Dans les grandes exploitations, la diversité des pollinisateurs, à savoir le nombre d’espèces, entre aussi en jeu. Dans celles où le nombre d’espèces est élevé, le gain de productivité peut s’élever de 30% lorsque la densité d’individus s’élève. L’abondance n’a en revanche plus aucun effet dans les champs à faible nombre d’espèces.
Ce phénomène s’expliquerait par le fait que les grandes exploitations sont plus souvent habitées par des espèces généralistes à large rayon d’action, butinant loin de leur colonie. Lorsque les pollinisateurs augmentent aussi bien en densité qu’en nombre d’espèces, le gain de productivité atteint 20% dans les grandes exploitations, selon les calculs de l’équipe.
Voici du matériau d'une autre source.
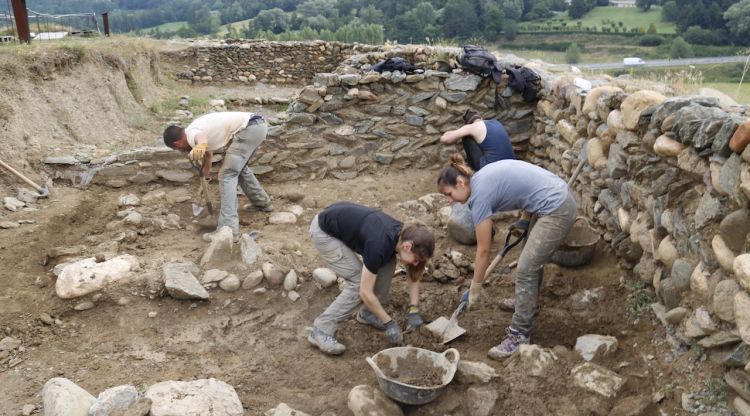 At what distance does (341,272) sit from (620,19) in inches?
998

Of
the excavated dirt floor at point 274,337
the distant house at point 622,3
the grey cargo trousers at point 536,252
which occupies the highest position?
the distant house at point 622,3

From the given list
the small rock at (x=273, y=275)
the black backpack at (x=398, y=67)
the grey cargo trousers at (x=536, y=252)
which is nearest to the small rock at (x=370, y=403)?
the grey cargo trousers at (x=536, y=252)

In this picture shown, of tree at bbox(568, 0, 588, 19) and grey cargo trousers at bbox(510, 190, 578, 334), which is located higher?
tree at bbox(568, 0, 588, 19)

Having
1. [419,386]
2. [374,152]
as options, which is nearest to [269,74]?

Restaurer les abords des champs
Selon les chercheurs, le déclin des pollinisateurs peut être enrayé par la plantation de fleurs et de haies en bordure des champs, par un usage plus raisonné des pesticides et par la restauration des zones naturelles et semi-naturelles aux abords des exploitations.
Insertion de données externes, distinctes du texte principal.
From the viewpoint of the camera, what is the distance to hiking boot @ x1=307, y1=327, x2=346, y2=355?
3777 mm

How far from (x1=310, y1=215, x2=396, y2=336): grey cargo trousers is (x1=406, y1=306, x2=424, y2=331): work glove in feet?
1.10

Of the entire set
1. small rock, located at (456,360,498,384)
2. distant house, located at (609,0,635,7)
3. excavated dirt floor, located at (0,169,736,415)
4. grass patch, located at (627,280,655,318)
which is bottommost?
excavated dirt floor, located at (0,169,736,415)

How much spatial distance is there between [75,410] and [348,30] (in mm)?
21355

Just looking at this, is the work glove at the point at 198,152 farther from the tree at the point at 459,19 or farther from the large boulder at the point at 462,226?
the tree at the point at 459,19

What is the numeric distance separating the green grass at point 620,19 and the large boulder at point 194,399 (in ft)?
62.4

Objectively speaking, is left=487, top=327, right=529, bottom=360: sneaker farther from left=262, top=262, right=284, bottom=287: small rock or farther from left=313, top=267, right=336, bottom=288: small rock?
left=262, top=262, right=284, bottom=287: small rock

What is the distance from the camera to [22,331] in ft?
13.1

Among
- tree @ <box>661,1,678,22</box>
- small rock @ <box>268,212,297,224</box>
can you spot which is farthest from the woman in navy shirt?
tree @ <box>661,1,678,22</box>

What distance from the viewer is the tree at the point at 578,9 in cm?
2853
Pour l’Institut national de la recherche agronomique (Inra), impliqué dans ces travaux, «l’humanité doit aujourd’hui relever un double défi: d’abord, produire des denrées alimentaires pour satisfaire la demande croissante d’une population qui augmente; mais également produire cette nourriture de façon acceptable sur le plan environnemental et social (…) Les résultats de cette étude montrent que l’intensification écologique (qui permet d’améliorer l’abondance et la richesse de la faune pollinisatrice) crée des situations mutuellement bénéfiques pour la biodiversité et pour le rendement des cultures».